Parser::from accepts &str or &[u8]; use Parser::from_reader(reader) to parse from any BufRead, and .options(ParserOptions { .. }) to configure parsing.

Reusable XPath Queries

evaluate(&doc, "…") re-parses the expression on every call. To run the same expression against many documents, compile it once with Query:

use fastxml::{Parser, Query};

let query = Query::compile("//item")?;

let a = Parser::from("<root><item/><item/></root>").parse()?;
let b = Parser::from("<root><item/></root>").parse()?;

assert_eq!(query.find_nodes(&a)?.len(), 2);
assert_eq!(query.find_nodes(&b)?.len(), 1);

Namespaces declared on each document's root are registered automatically; add extra bindings with .namespace(prefix, uri). Use .eval(&doc) for a typed XPathResult, or .eval_from(&doc, &node) to start from a context node. A compiled Query (and StreamableQuery) renders back to an equivalent XPath string via to_string().

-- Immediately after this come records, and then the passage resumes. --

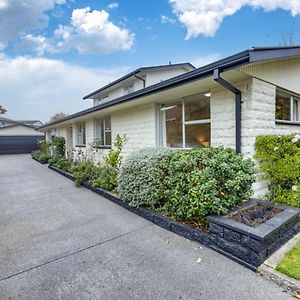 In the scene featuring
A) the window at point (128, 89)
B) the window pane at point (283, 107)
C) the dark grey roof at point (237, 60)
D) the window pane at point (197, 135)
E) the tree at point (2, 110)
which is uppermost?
the tree at point (2, 110)

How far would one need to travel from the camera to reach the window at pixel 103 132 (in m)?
10.6

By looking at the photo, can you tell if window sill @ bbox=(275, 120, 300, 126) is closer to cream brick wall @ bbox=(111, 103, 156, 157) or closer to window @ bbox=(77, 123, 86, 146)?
cream brick wall @ bbox=(111, 103, 156, 157)

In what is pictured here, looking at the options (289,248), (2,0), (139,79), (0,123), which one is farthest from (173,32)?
(0,123)

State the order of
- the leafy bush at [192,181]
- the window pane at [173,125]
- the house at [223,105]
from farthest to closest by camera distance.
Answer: the window pane at [173,125] → the house at [223,105] → the leafy bush at [192,181]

The QueryExt trait adds method-call ergonomics on the document itself. Its argument is anything that is AsQuery, so a string and a pre-compiled Query are interchangeable:

use fastxml::{Parser, Query, QueryExt};

let doc = Parser::from("<root><item/><item/></root>").parse()?;

// String: compiled on the fly.
assert_eq!(doc.query_nodes("//item")?.len(), 2);
let n = doc.query("count(//item)")?.to_number();

// Pre-compiled query: reused without re-parsing.
let q = Query::compile("//item")?;
assert_eq!(doc.query_nodes(&q)?.len(), 2);

Serializing to XML

Printer turns a parsed document or node back into XML:

use fastxml::{Parser, Printer};

let doc = Parser::from("<root><child>hi</child></root>").parse()?;

let xml = Printer::from(&doc).to_string()?;            // whole document, with <?xml ?>
let pretty = Printer::from(&doc).pretty().to_string()?; // indented

// Stream straight to any writer, no intermediate String:
Printer::from(&doc).write_to(&mut std::io::stdout())?;

Printer::from accepts &XmlDocument, &XmlNode, or &XmlRoNode (a document emits an XML declaration by default, a single node does not). Builders: .pretty() / .indent(s) / .declaration(bool) / .encoding(s). Terminals: .to_string() / .into_bytes() / .write_to(w).

Streaming Parser

For a quick, buffered list of events:

use fastxml::Parser;

for event in Parser::from(xml).events()? {
    // inspect each XmlEvent
}

To process large files with constant memory, use for_each_event — the callback is invoked as each event is read, nothing is buffered, and it may capture and mutate local state:

use fastxml::Parser;
use fastxml::event::XmlEvent;
use std::io::BufReader;
use std::fs::File;

let file = File::open("large_file.xml")?;

let mut elements = 0;
Parser::from_reader(BufReader::new(file)).for_each_event(|event| {
    if let XmlEvent::StartElement { .. } = event {
        elements += 1;
    }
    Ok(())
})?;
println!("{elements} elements");

Stream Transform

Transform XML with XPath-based element selection:

use fastxml::transform::Transformer;

let xml = r#"<root><item id="1">A</item><item id="2">B</item></root>"#;

// Modify elements (supports multiple handlers), render the result as a String
let result = Transformer::from(xml)
    .on("//item[@id='2']", |node| node.set_attribute("modified", "true"))
    .to_string()?;

// Iterate for side effects (no output transformation)
let mut ids = Vec::new();
Transformer::from(xml)
    .on("//item", |node| {
        ids.push(node.get_attribute("id").unwrap_or_default());
    })
    .for_each()?;

Terminals: to_string(), into_bytes(), write_to(&mut writer), and for_each().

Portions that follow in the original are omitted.